To return to the question at the beginning of this 
          review, I find it difficult to understand many of the interpretative 
          choices made by Sir Colin Davis when confronted by these works. He is 
          obviously at the height of his considerable technical powers. The orchestra 
          plays as a single being, following him like a perfectly maintained machine 
          through these most fluid and convoluted readings of what is already 
          extremely complex music. In an interview last year in the Gramophone 
          he spoke about the exhilarating effect of recording music he loves live 
          in concert, and of his feeling that "I’ll never be able to conduct 
          as well as I can now". Certain aspects of his readings which strike 
          me as mannerism or self indulgence, the horrible dramatic pauses, for 
          example, are obviously the results of long and detailed reflection on 
          the way he wants the music to go. But as to the incidental slowing, 
          the protraction at cadence points and phrase endings, I wonder to what 
          extent he would have maintained these had the recordings taken place 
          in the studio with the opportunity to listen to playbacks and modify 
          thereafter. 
        
 
        
Elgar’s personality was a complex one. His relationship 
          with Jaeger and his reaction to his wife’s death demonstrate the extent 
          to which he needed the love and support of those dearest to him.

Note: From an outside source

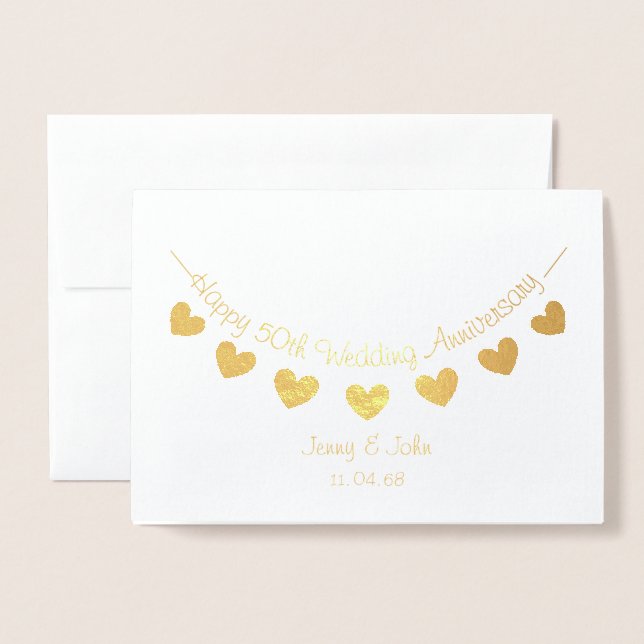 Golden 50th Mariage Anniversaire carte de battemen (Devant avec enveloppe)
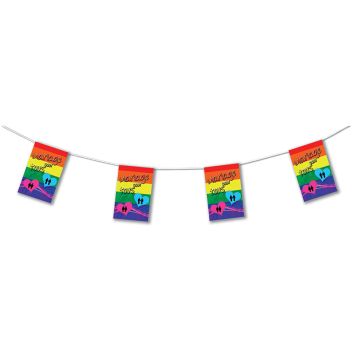 Guirlande papier "Mariage pour Tous" 4 mètres, 8 fanions 20x30 cm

Professional 
          setbacks provoked extreme reactions: "…I have allowed my heart 
          to open once – it is now shut against every religious feeling and every 
          soft, gentle impulse for ever." There seems little doubt that he 
          was touchy and thin-skinned; in short, a far from perfect individual. 
          Yet reading the biographies, in particular Michael Kennedy’s unforgettable 
          Portrait of Elgar (OUP) we can learn how he poured into his music 
          not only what he was himself but also the best of what he saw and hoped 
          for in humankind. Thus we hear in his works, along with the melancholy, 
          the wistfulness and disappointment, rather than simple, human warmth, 
          a certain nobility of spirit, justice and generosity. This is not to 
          mention the humour and high spirits; the muscularity; the febrile energy. 
          In these symphonies Sir Colin Davis, with his incessant lingering over 
          detail and his tendency to draw out to intolerable lengths those passages 
          where the composer’s weaker side is most evident, commutes the spiritual 
          strength of Elgar’s music into lachrymose self pity.